The email was published on a blog by Ed Stetzer, an evangelism professor at Wheaton College. (Stetzer does not serve on the council.)

On Sunday night, MacDonald said he is “hanging by a thread” and that he considers the Trump campaign “on notice” that he will not tolerate something similar—or worse.

“If it exceeded the previous in any category, I think that would be the end,” he said.

MacDonald said he does not endorse candidates and would serve on either a Democratic or Republican member’s advisory council.

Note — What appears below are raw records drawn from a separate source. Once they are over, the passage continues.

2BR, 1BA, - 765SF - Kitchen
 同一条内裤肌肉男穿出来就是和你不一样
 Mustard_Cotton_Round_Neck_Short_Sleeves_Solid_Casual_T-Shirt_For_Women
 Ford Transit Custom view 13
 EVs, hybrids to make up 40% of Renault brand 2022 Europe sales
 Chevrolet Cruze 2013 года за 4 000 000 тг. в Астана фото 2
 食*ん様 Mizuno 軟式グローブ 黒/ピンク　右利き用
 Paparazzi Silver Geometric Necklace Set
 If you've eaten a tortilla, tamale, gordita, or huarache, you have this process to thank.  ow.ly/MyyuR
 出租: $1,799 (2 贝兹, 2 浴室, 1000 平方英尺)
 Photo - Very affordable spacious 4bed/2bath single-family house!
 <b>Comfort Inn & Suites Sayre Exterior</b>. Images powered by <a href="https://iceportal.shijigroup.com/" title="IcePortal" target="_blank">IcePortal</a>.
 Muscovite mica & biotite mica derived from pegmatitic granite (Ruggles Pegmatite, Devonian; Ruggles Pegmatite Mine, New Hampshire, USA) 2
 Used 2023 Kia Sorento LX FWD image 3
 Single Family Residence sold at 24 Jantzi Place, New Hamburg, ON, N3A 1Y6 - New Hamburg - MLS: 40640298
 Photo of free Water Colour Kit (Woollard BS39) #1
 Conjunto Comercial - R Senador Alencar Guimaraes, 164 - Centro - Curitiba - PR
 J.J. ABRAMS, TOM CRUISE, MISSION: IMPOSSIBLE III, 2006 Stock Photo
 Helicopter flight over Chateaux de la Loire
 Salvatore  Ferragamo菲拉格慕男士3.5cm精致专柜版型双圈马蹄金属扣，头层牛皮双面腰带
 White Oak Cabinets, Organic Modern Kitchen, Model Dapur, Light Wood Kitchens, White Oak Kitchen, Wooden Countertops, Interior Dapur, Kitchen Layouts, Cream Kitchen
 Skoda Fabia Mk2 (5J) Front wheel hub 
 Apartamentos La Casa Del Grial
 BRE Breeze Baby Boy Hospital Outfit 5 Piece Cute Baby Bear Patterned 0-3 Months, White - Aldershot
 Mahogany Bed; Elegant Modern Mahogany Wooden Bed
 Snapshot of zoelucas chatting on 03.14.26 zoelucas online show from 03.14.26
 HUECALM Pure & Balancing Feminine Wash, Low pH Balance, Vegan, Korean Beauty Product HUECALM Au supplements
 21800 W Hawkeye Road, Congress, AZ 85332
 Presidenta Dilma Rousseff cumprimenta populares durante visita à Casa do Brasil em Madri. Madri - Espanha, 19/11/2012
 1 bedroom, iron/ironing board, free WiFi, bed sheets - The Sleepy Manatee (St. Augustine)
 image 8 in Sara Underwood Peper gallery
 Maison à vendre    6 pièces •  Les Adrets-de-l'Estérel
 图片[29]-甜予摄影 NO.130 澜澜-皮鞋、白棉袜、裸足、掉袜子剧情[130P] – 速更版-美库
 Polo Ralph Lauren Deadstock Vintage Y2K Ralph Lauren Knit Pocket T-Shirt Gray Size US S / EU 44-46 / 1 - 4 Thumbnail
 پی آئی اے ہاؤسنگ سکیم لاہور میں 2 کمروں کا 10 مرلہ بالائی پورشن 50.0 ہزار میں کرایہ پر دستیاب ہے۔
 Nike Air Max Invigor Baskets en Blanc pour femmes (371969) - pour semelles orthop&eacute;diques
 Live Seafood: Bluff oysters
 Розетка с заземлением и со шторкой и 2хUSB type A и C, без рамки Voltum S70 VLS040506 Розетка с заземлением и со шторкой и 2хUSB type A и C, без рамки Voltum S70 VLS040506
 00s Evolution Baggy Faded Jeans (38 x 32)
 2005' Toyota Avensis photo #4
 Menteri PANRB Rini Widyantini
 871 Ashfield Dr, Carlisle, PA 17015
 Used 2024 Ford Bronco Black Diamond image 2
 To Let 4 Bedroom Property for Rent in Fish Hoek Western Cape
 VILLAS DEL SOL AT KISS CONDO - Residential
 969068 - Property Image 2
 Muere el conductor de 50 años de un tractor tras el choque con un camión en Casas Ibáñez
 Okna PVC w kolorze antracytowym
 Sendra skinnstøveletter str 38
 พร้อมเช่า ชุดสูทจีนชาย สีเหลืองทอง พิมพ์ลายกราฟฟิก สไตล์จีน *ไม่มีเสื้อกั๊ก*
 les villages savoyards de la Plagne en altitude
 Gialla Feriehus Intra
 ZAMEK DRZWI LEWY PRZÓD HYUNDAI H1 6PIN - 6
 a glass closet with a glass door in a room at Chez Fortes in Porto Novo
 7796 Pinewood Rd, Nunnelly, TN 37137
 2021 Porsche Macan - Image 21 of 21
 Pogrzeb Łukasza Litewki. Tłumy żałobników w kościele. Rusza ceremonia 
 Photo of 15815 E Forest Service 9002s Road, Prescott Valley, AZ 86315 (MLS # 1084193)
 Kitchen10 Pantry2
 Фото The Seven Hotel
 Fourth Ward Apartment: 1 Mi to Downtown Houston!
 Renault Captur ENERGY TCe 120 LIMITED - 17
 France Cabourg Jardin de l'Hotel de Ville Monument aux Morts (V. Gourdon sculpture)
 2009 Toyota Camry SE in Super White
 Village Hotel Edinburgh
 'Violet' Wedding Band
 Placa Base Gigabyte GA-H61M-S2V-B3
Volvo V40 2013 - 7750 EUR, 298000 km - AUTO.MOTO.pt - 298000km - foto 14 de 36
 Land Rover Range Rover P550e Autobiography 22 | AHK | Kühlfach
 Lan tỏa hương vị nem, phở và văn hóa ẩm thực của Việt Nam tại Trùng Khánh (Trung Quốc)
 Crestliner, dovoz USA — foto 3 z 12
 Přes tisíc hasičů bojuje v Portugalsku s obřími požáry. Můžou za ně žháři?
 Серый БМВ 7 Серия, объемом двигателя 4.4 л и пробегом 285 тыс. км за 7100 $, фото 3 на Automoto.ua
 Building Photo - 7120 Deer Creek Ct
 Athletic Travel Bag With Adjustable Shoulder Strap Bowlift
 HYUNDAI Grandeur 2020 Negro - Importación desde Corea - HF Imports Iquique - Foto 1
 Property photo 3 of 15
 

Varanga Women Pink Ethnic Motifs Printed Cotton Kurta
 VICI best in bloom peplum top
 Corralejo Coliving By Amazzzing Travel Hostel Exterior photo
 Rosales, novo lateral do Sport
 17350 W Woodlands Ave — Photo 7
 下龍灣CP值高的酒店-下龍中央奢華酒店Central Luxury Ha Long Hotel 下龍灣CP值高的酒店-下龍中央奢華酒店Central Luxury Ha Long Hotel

MacDonald said that Trump’s campaign manager Kellyanne Conway was on Monday morning’s phone call with council members, who also spoke as a group on Saturday.

Members of the council, MacDonald said, felt Trump performed well during Sunday night’s debate. “But I think there’s a strong feeling that the level of the discourse, which is focusing on such a lowest common denominator of human behavior on both sides of the election is unfortunate,” he said.

Members of the council advise Trump’s campaign on issues that matter to people of faith, how those issues are articulated, including positions on the Supreme Court nominees, national defense and the economy.

MacDonald wrote that he has a wife of 33 years, a daughter and two daughters-in-law. “I am not able to offer my time any further without an obvious ‘change of heart and direction’ true believers call repentance,” he wrote.

“If Mr. Trump isn’t seeking our counsel now — 1) to be repentant 2) on how to portray that repentance, then the idea of a faith council (which has deteriorated into influence brokering anyway) is really kind of a joke right?” MacDonald wrote. “I have spent my life helping men get free from such disgusting commentary on women — even writing my doctoral dissertation on self-disclosure of sin among men. I cannot and will not offer help to a man who believes this kind of talk a minor error.”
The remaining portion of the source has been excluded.